→ **EXERCISE DESCRIPTION**
Please restate the entries verbatim. The copy should hold no pictures.

(Saved entries)
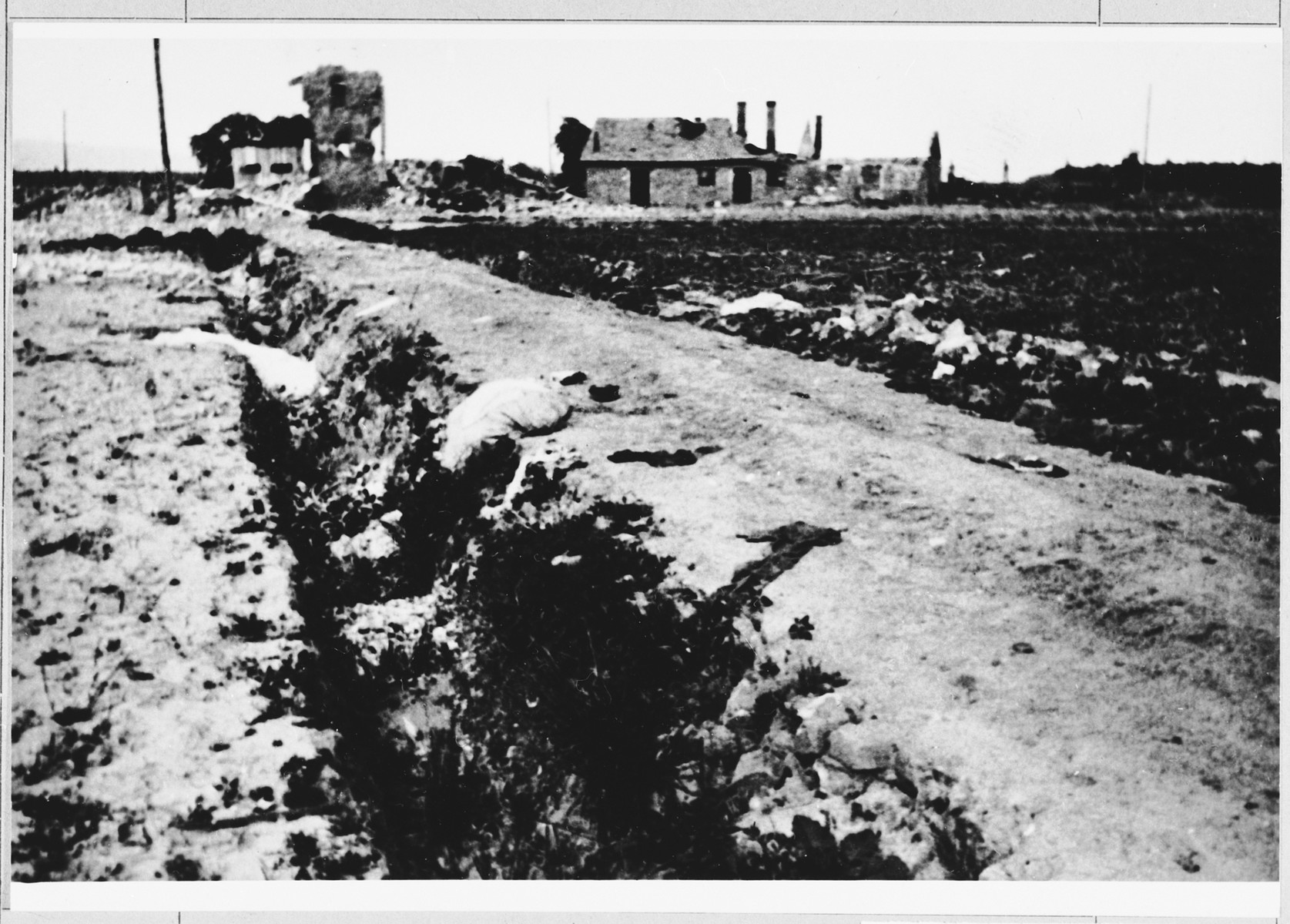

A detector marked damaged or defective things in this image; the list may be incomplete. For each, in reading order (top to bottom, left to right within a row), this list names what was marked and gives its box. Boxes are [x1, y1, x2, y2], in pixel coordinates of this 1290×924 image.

damaged roof [585, 117, 774, 164]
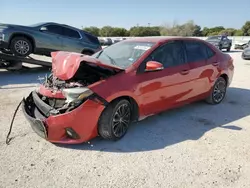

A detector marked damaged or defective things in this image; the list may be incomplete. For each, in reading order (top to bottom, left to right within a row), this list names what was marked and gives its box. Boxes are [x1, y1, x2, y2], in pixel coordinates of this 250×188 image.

damaged hood [51, 50, 124, 80]
damaged bumper [21, 90, 106, 143]
crumpled front end [21, 90, 106, 144]
broken headlight [62, 87, 93, 105]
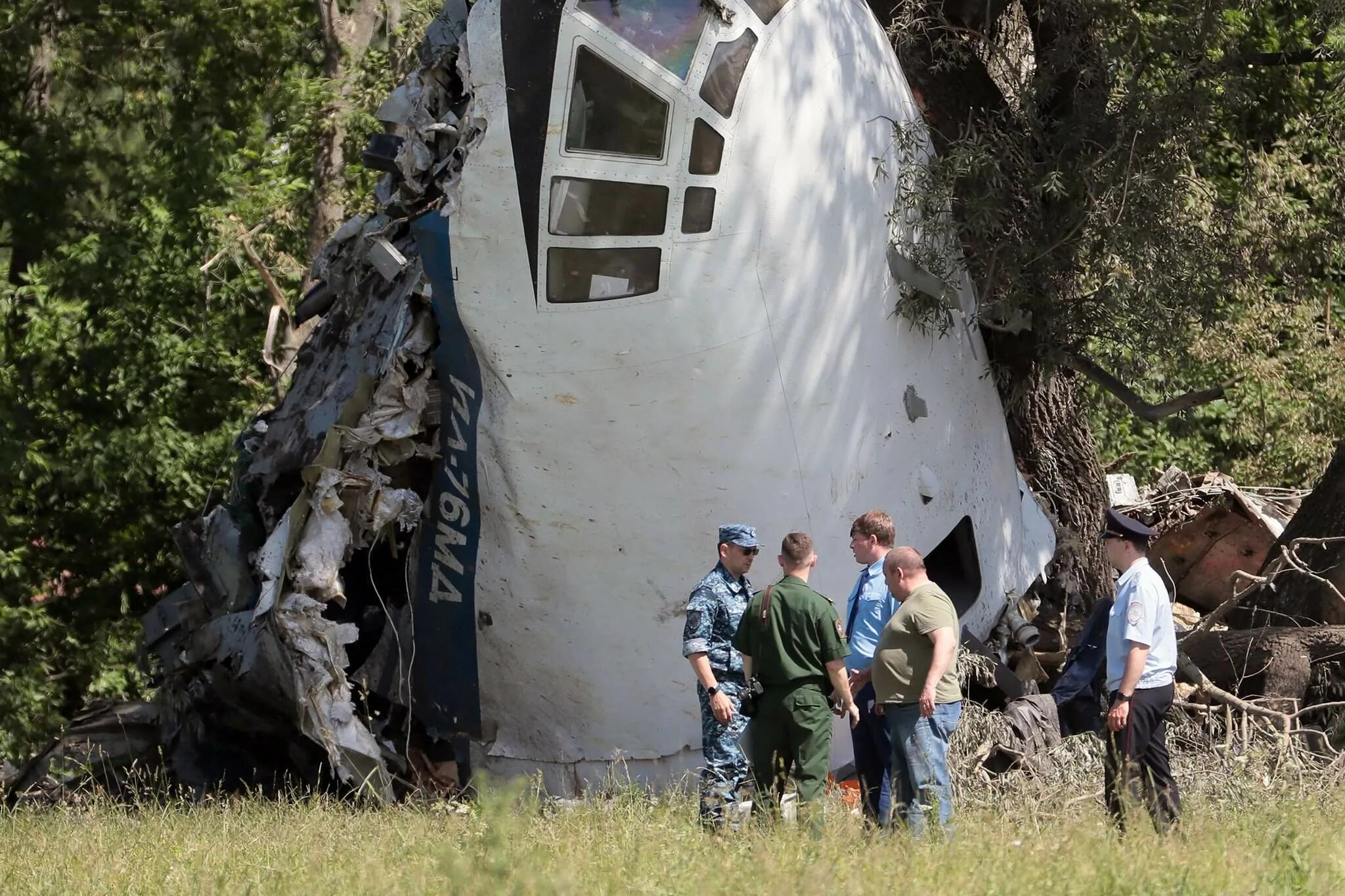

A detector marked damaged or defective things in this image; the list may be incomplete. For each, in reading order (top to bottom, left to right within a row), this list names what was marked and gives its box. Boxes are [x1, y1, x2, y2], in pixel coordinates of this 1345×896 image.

crashed airplane fuselage [147, 0, 1054, 800]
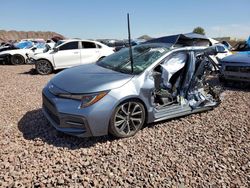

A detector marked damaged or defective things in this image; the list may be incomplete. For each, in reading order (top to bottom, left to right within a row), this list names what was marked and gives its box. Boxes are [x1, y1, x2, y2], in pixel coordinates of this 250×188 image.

damaged silver sedan [42, 43, 223, 139]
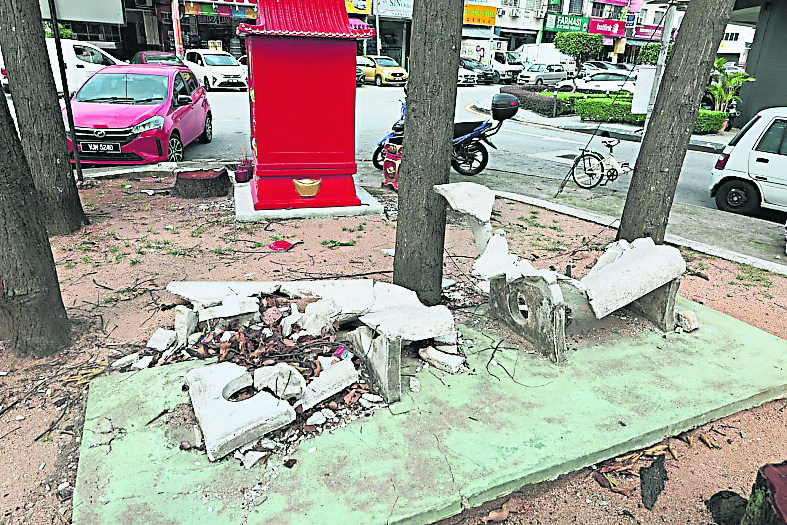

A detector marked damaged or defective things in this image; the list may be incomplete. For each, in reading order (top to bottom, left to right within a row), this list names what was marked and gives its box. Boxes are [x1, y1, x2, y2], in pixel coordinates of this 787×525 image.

broken concrete slab [111, 352, 140, 368]
broken concrete slab [147, 330, 178, 350]
broken concrete slab [175, 304, 199, 346]
broken concrete slab [166, 280, 284, 310]
broken concrete slab [199, 296, 260, 322]
broken concrete slab [258, 362, 310, 404]
broken concrete slab [302, 360, 360, 410]
broken concrete slab [350, 326, 404, 404]
broken concrete slab [422, 346, 464, 374]
broken concrete bench [490, 239, 688, 362]
broken concrete slab [676, 312, 700, 332]
broken concrete slab [186, 362, 298, 460]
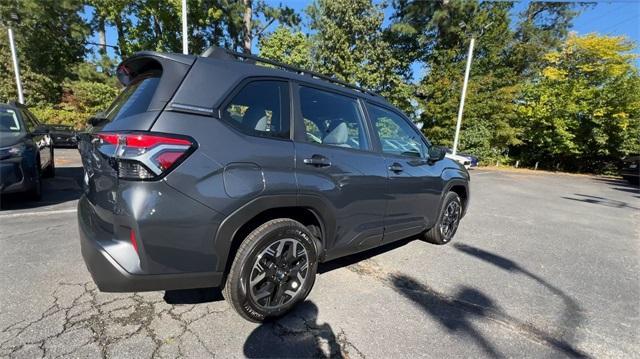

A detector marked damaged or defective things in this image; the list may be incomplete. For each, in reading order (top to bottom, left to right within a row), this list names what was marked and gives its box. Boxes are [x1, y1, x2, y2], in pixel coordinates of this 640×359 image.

cracked asphalt [1, 149, 640, 358]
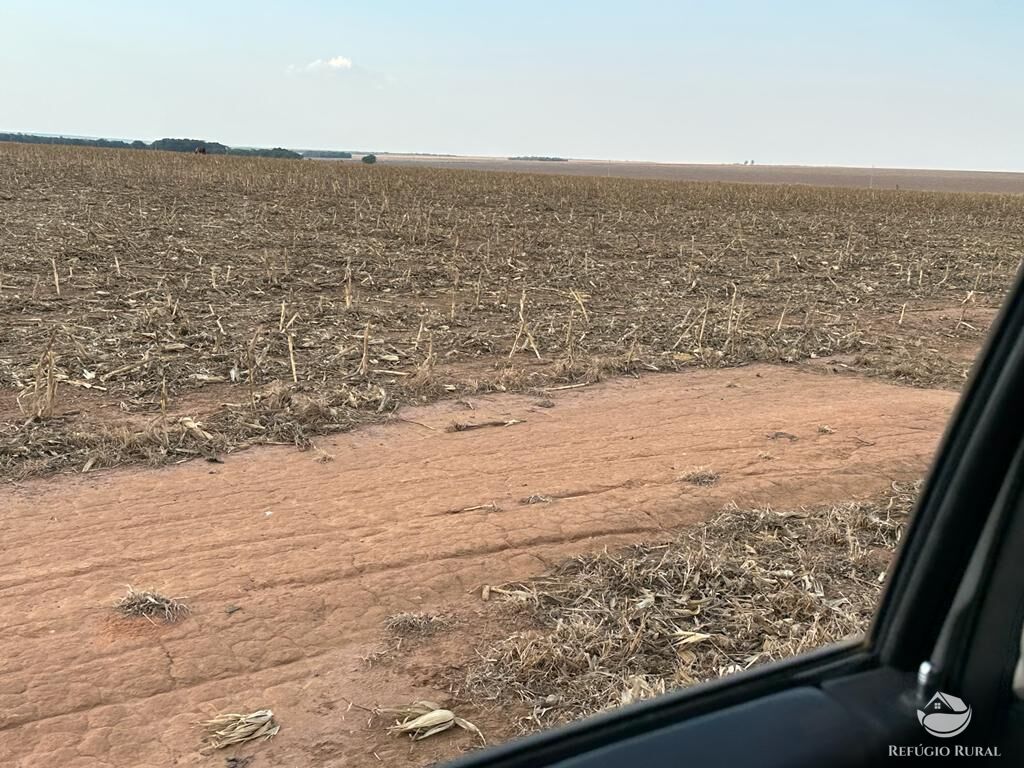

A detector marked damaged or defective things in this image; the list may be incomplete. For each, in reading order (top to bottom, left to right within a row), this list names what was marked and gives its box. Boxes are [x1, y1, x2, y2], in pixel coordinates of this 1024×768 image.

cracked dirt road [0, 368, 960, 768]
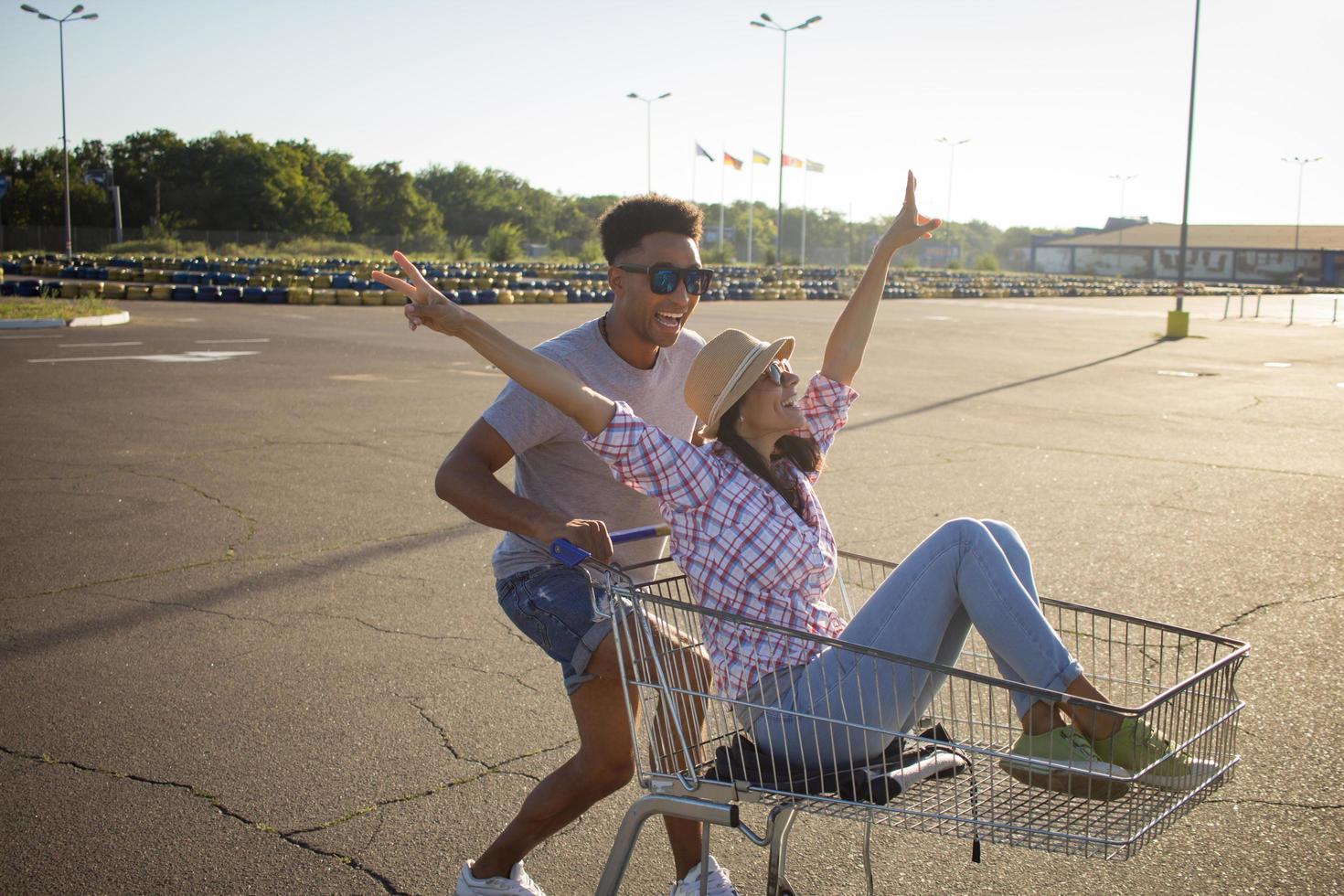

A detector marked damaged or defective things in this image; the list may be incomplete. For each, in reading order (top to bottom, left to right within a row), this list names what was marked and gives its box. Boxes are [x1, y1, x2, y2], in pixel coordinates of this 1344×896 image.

crack in asphalt [1214, 588, 1339, 636]
crack in asphalt [0, 746, 408, 891]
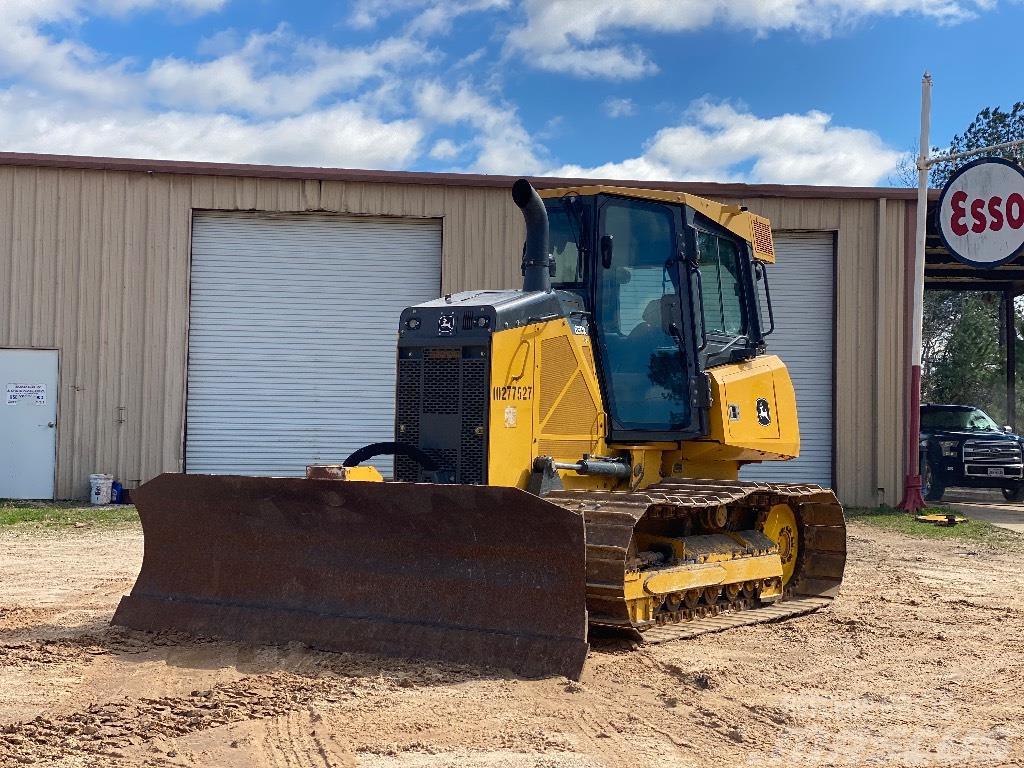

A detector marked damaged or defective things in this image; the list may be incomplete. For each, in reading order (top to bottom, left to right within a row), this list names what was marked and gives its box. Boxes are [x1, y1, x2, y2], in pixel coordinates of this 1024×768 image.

rusty dozer blade [113, 474, 588, 680]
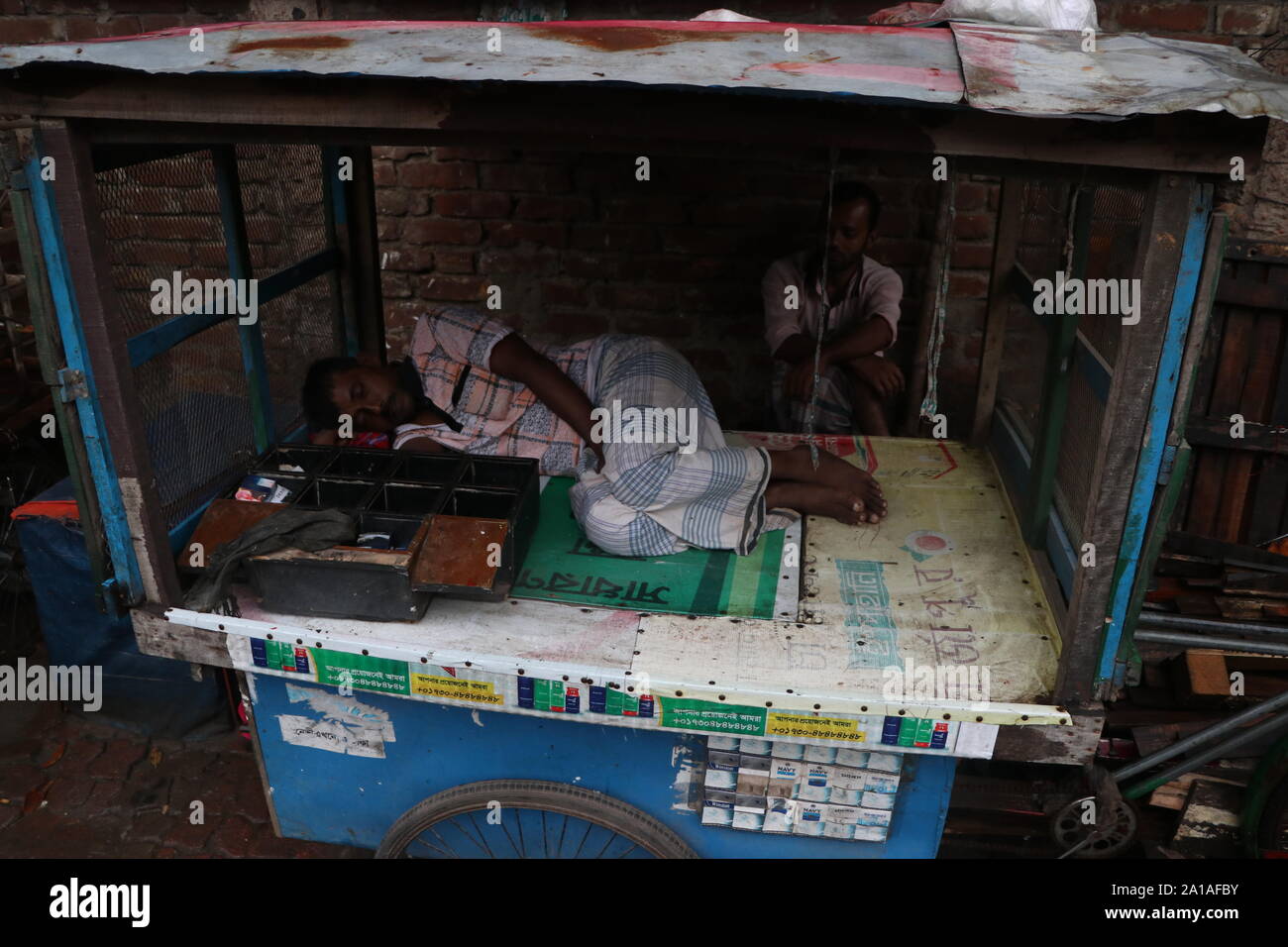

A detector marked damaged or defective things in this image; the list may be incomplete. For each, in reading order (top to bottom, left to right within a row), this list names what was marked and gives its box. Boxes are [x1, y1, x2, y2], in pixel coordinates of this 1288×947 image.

rusty metal sheet [0, 19, 968, 104]
rusty metal sheet [952, 22, 1288, 121]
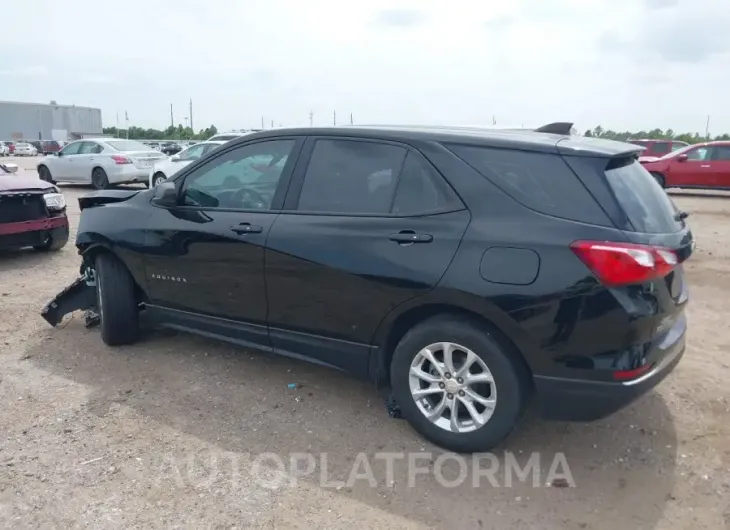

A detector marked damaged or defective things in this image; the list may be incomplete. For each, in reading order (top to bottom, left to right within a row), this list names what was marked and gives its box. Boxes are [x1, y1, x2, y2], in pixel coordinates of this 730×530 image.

damaged front bumper [40, 270, 96, 324]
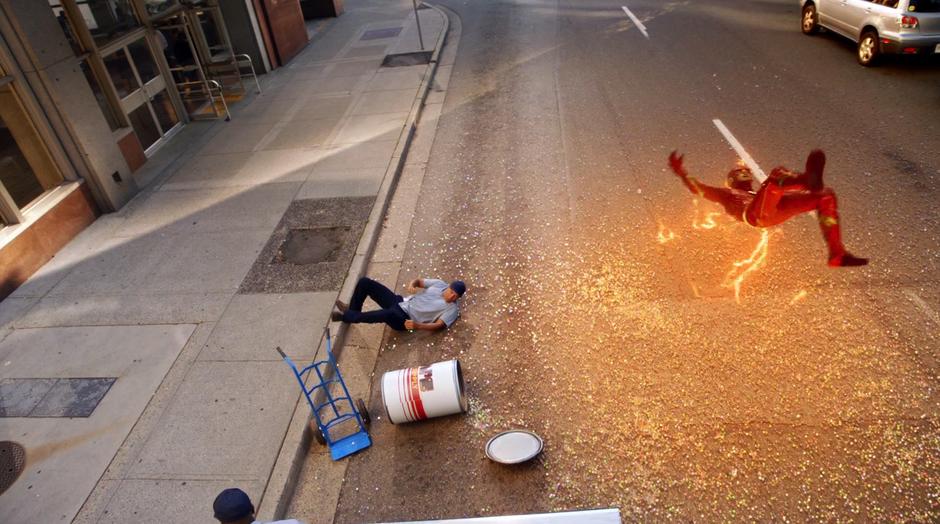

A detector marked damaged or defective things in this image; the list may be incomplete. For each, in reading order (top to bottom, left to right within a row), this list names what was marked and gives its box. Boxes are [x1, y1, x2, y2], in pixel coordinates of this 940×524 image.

pavement patch [239, 198, 374, 294]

→ **PROBLEM SOLUTION**
A detector marked damaged or defective things in this image; the list may be incomplete. For each, in reading order (top to bottom, left to right within a row), this list names what was marked and gives its box. Boxes are [x1, y1, x2, y2], in pixel coordinates of this 1290×924 image.

damaged roof [585, 117, 774, 164]

A detector marked damaged or defective things in this image; the list may be incomplete. For each, in reading order (top to bottom, left to right within a row), this list names what was marked and gives its box. Boxes are [x1, y1, x2, y2], in pixel coordinates of this 250×188 image.

damaged hood [51, 50, 124, 80]
damaged bumper [21, 90, 106, 143]
crumpled front end [21, 90, 106, 144]
broken headlight [62, 87, 93, 105]

A detector marked damaged or defective things in this image; the list may be incomplete. For each, in reading order (top to bottom, left to right within a row), this list names what was marked and gives its box. Boxes are [x1, y1, x2, y2], in pixel coordinates of this 1345×896 image.

crashed airplane fuselage [147, 0, 1054, 800]

A detector marked damaged or defective things in this image; the list may be incomplete. For each, in reading order (top to bottom, left to right within a row), this list names what was marked and gives its box. Boxes are [x1, y1, x2, y2], in pixel coordinates of this 250×188 image.

damaged silver sedan [42, 43, 223, 139]

A detector marked damaged or defective things in this image; the list may be incomplete. For each, in reading order (top to bottom, left to right within a row), this list names what was marked and gives its box. Boxes are [x1, y1, x2, y2], in pixel coordinates of this 787×525 image.

broken concrete slab [111, 352, 140, 368]
broken concrete slab [147, 330, 178, 350]
broken concrete slab [175, 304, 199, 346]
broken concrete slab [166, 280, 284, 310]
broken concrete slab [199, 296, 260, 322]
broken concrete slab [258, 362, 310, 404]
broken concrete slab [302, 360, 360, 410]
broken concrete slab [350, 326, 404, 404]
broken concrete slab [422, 346, 464, 374]
broken concrete bench [490, 239, 688, 362]
broken concrete slab [676, 312, 700, 332]
broken concrete slab [186, 362, 298, 460]

A detector marked damaged or defective things in this image; the list may be incomplete. For each, in reading order (top to bottom, left to right within a row), this list names what was marked and gives its box. Boxes are [x1, y1, x2, y2], in pixel coordinates of this 640×359 image.

cracked asphalt [1, 149, 640, 358]

A detector marked damaged or defective things in this image; the list may be incomplete. For each, in reading order (top to bottom, left to right within a row), this list names what was marked and gives its box. Boxes are [x1, y1, x2, y2], in pixel coordinates of this 1024×768 image.

cracked dirt road [0, 368, 960, 768]

A detector marked damaged or defective things in this image; the list may be incomplete. For each, in reading order (top to bottom, left to right within a row), this list names what was marked and gives its box. Boxes are [x1, y1, x2, y2], in pixel coordinates of this 1344×896 image.

crack in asphalt [1214, 588, 1339, 636]
crack in asphalt [0, 746, 408, 891]

A detector marked damaged or defective things in this image; the list may be incomplete. For each, in reading order (top to bottom, left to right within a row), this list names what was marked and gives its box. Boxes are [x1, y1, x2, y2], in pixel coordinates of this 1024×768 image.

rusty dozer blade [113, 474, 588, 680]

A detector marked damaged or defective things in this image; the list may be incomplete. For each, in reading order (top to bottom, left to right within a row), this list names what was marked and gives its box. Boxes are [x1, y1, x2, y2], in pixel coordinates of this 1288×947 image.

rusty metal sheet [0, 19, 968, 104]
rusty metal sheet [952, 22, 1288, 121]

A detector marked damaged or defective things in this image; the list may be incomplete. For each, in reading order (top to bottom, left to right within a row), this list names what was marked and gives its box. Boxes are [x1, y1, x2, y2], in pixel coordinates of this 730×530 image.

damaged front bumper [40, 270, 96, 324]

A detector marked damaged or defective things in this image; the list may be incomplete. For each, in reading order (top to bottom, left to right within a row), this list names what was marked and gives its box. Boxes are [x1, y1, x2, y2], in pixel coordinates of this 940×524 image.

pavement patch [239, 198, 374, 294]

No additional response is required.